3 The Individual Effort

Your first task, due 5/4, is to write a faux exam (in a word processor is fine, but submit a PDF!) addressing:

  1. At least 10 of the bold face questions above.
  2. At least 10 non-bold-face questions.
  3. An index that maps learning outcomes (numbered as above) to questions on your exam.

By addressing, I mean that in order to ace the exam, a hypothetical test-taker must be able to answer the questions you have targeted. One question might hit several learning outcomes. Exam questions should be a mix of true/false, programming, debugging, short answer, multiple choice, matching, or any other question format you like. You should aim for about 45 minutes worth of questions on your exam, so a mix of longer and shorter questions is good.

4 The Group Effort

Your second task, due 5/11, is to work with your small group and come up with about a 3-hour exam worth of questions that covers every bold-faced question, along with an index and however many other questions you can include. Here's a suggestion for how to do that:

  1. Share your questions (but not your answers!) with your group. Try to complete a few of your peers' questions and tell them your answers, how long they took, whether and how they were confusing, and how well they target the learning outcomes they were meant to.
  2. Think about overall coverage of course learning outcomes. You could compare your index with your peers' and try to maximize the number of covered questions. You must cover all the bold-faced items and it's good to cover as many of the non-bold-faced ones as possible.
  3. Finally, think about the overall duration of the test. You're aiming for about three hours.

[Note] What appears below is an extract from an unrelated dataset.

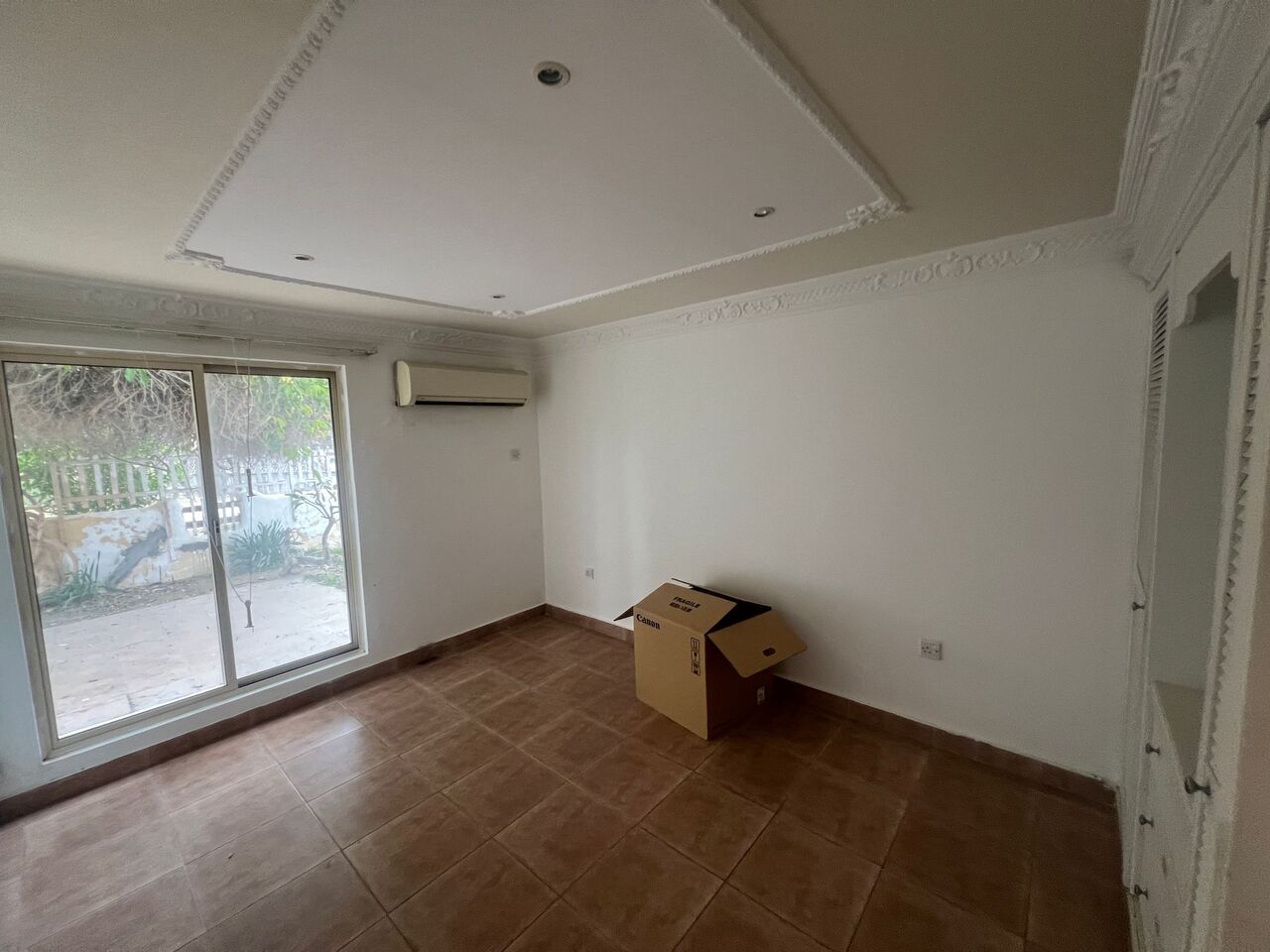 Budaiya, Villas, BHD 700,  3-Bedroom Semi-Furnished Villa For Rent  IN Budaiya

If you have trouble hitting that with the questions you have, consider changing some questions into multiple-choice.

The deliverable for this is an exam and a question index.

5 The Reflection

Finally, due 5/12 is a reflection.

  1. Without referring to the learning outcomes above, what are some of the most important things you learned in this class?
  2. What were some things you learned during the group effort to come up with an exam?
  3. Looking at the exams produced by the other groups, are there questions you especially like or think are really effective at appraising understanding of key course concepts?